The square of the distance of the image of the point \( (6, 1, 5) \) in the line \[ \frac{x - 1}{3} = \frac{y}{2} = \frac{z - 2}{4}, \] from the origin is _____ .

Answer 1

Correct Answer: 62

To find the square of the distance of the image of a point \( (6, 1, 5) \) on the given line \(\frac{x - 1}{3} = \frac{y}{2} = \frac{z - 2}{4}\) from the origin, follow these steps:

1. Identify the direction ratios of the line as \( \langle 3, 2, 4 \rangle \).
2. Find the equation of the line in vector form: \( \mathbf{r} = \langle 1, 0, 2 \rangle + \lambda \langle 3, 2, 4 \rangle \).
3. Calculate the point of contact of the perpendicular from \( (6, 1, 5) \) on the line. Let this point be denoted by \( \mathbf{Q} = \langle 1 + 3\lambda, 2\lambda, 2 + 4\lambda \rangle \).
4. The vector \( \mathbf{PQ} \), where \( \mathbf{P} = \langle 6, 1, 5 \rangle \), is given by \( \langle 1 + 3\lambda - 6, 2\lambda - 1, 2 + 4\lambda - 5 \rangle = \langle 3\lambda - 5, 2\lambda - 1, 4\lambda - 3 \rangle \).
5. Use the condition \( \mathbf{PQ} \cdot \langle 3, 2, 4 \rangle = 0 \) to find \( \lambda \):
   • \((3\lambda - 5) \cdot 3 + (2\lambda - 1) \cdot 2 + (4\lambda - 3) \cdot 4 = 0\)
   • Simplifying, \(9\lambda - 15 + 4\lambda - 2 + 16\lambda - 12 = 0\); hence, \(29\lambda = 29\).
   • Solving gives \(\lambda = 1\).
6. Substitute \(\lambda = 1\) into \( \mathbf{Q} \):
   • \(\mathbf{Q} = \langle 4, 2, 6 \rangle\).
7. The image point \( \mathbf{Q'} \) is given by reflecting \(\mathbf{P}\) around \(\mathbf{Q}\):
   • \( \mathbf{Q'} = 2\mathbf{Q} - \mathbf{P} = 2 \langle 4, 2, 6 \rangle - \langle 6, 1, 5 \rangle = \langle 8, 4, 12 \rangle - \langle 6, 1, 5 \rangle = \langle 2, 3, 7 \rangle\).
8. Calculate the square of the distance from the origin to \(\mathbf{Q'}\):
   • \([(2)^2 + (3)^2 + (7)^2] = 4 + 9 + 49 = 62\).
9. Verify the solution fits the range [62, 62]. Indeed, \(62\) is within this range.

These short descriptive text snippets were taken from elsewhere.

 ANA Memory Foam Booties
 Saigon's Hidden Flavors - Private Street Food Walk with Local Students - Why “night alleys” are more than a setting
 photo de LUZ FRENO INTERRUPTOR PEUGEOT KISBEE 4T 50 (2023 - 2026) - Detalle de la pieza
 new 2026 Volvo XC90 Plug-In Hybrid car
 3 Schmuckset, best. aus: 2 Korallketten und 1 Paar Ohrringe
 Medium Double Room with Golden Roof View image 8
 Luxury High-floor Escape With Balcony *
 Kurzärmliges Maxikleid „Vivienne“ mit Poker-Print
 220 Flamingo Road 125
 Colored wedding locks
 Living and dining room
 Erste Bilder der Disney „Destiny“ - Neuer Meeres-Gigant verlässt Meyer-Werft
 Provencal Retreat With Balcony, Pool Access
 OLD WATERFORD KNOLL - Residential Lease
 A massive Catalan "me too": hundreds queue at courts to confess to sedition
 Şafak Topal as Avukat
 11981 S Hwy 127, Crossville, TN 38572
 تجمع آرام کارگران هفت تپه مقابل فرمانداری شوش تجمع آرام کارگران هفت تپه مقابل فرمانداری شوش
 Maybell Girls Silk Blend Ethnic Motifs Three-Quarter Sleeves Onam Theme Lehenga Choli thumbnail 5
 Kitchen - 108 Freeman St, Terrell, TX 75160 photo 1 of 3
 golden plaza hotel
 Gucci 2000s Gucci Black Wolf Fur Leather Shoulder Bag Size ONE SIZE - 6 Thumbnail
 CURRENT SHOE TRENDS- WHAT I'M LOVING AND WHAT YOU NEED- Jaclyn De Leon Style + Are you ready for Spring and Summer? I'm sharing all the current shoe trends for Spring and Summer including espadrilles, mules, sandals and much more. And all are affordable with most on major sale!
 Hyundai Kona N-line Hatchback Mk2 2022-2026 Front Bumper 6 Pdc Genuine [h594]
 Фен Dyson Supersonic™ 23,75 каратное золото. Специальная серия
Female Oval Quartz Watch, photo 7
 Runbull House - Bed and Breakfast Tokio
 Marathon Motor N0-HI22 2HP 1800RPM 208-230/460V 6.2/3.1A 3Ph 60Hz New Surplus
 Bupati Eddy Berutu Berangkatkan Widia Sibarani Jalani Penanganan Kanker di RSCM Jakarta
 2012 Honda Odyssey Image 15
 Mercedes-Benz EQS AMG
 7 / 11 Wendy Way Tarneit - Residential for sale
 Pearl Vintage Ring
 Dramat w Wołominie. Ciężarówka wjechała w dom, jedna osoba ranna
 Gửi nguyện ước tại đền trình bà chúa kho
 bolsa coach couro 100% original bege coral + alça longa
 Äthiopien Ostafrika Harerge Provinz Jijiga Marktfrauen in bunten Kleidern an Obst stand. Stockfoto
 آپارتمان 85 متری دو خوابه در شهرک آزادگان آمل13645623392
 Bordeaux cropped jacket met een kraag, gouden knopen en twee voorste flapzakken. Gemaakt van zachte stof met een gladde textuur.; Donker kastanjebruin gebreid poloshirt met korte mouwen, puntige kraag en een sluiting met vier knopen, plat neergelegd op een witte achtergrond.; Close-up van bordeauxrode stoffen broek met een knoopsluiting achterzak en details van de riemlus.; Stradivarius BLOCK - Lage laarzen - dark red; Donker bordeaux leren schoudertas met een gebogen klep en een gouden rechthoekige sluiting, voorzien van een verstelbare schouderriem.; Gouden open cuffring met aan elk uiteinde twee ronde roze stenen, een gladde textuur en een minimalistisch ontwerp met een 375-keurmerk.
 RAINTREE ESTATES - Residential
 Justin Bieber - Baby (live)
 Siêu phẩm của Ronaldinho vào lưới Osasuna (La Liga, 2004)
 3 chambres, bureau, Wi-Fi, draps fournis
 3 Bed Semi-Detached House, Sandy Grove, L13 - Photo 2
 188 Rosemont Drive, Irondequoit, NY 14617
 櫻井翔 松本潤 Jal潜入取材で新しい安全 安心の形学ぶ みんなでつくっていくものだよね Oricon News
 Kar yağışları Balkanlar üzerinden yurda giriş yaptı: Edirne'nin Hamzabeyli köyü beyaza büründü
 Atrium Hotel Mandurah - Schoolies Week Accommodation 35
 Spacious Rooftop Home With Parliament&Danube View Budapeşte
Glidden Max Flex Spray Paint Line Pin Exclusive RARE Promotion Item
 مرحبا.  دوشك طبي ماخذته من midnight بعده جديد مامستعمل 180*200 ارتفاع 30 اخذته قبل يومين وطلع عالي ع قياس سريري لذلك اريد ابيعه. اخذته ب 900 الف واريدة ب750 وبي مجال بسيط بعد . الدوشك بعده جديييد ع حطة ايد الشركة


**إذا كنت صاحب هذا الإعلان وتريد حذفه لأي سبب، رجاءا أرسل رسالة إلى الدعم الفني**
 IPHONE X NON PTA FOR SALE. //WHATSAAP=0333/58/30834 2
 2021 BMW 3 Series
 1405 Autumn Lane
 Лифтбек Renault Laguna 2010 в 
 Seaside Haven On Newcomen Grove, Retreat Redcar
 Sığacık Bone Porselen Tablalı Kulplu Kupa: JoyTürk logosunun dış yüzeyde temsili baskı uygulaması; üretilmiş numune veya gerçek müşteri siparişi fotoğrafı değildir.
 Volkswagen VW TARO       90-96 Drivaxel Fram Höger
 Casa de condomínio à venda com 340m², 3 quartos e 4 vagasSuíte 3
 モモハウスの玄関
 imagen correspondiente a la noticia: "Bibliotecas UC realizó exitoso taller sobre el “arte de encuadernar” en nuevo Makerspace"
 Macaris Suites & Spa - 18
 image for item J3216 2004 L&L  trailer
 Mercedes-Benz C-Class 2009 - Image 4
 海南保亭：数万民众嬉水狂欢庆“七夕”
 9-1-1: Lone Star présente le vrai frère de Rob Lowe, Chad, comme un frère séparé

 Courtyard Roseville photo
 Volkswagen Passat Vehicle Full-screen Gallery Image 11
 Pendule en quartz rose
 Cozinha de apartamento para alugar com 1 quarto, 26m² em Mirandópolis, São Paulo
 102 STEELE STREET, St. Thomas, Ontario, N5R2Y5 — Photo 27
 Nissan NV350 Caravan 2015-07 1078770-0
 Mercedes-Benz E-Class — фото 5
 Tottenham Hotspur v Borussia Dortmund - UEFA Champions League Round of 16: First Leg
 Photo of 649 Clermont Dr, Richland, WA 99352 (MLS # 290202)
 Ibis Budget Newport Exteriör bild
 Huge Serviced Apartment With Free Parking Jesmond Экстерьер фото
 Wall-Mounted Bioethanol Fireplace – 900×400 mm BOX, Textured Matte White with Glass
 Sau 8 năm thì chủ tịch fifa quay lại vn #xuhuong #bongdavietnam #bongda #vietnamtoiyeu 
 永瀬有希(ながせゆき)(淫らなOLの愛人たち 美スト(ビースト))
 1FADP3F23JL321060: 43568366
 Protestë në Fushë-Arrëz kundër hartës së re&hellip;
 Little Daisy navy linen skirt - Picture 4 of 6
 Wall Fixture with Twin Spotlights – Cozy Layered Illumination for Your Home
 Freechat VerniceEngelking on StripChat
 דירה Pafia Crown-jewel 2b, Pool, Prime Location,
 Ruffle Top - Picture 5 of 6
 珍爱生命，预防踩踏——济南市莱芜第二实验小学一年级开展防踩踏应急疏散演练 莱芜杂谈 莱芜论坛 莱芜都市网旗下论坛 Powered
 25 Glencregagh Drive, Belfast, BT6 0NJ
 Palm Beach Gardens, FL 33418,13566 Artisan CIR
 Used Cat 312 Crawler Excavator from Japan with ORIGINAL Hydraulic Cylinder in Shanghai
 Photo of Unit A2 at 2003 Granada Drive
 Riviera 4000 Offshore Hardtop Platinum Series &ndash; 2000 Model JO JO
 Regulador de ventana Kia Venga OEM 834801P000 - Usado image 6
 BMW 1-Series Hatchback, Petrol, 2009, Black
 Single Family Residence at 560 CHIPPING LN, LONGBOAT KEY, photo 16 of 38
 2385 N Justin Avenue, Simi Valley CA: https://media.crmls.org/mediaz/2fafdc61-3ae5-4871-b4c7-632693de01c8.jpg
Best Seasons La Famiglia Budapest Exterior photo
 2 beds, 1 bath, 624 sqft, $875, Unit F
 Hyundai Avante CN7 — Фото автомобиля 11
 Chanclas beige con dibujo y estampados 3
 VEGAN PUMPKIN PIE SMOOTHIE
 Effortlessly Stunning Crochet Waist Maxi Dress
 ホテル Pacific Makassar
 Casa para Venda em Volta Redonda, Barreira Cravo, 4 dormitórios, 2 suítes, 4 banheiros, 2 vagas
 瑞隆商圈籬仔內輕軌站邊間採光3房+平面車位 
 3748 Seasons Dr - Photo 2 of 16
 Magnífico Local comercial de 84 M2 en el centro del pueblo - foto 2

Thus, the square of the distance is \(62\).

Answer 2

Let \( M(3\lambda + 1, 2\lambda, 4\lambda + 2) \)

\(\overrightarrow{AM} \cdot \mathbf{b} = 0\)
\(\implies 9\lambda - 15 + 4\lambda - 2 + 16\lambda - 12 = 0\)
\(\implies 29\lambda = 29  \implies \lambda = 1\)

So,
\(M(4, 2, 6), \quad I = (2, 3, 7)\)

Hence Distance =
\(\sqrt{4 + 9 + 49} = \sqrt{62}\)

Therefore, the square of the distance of the image of the point is 62.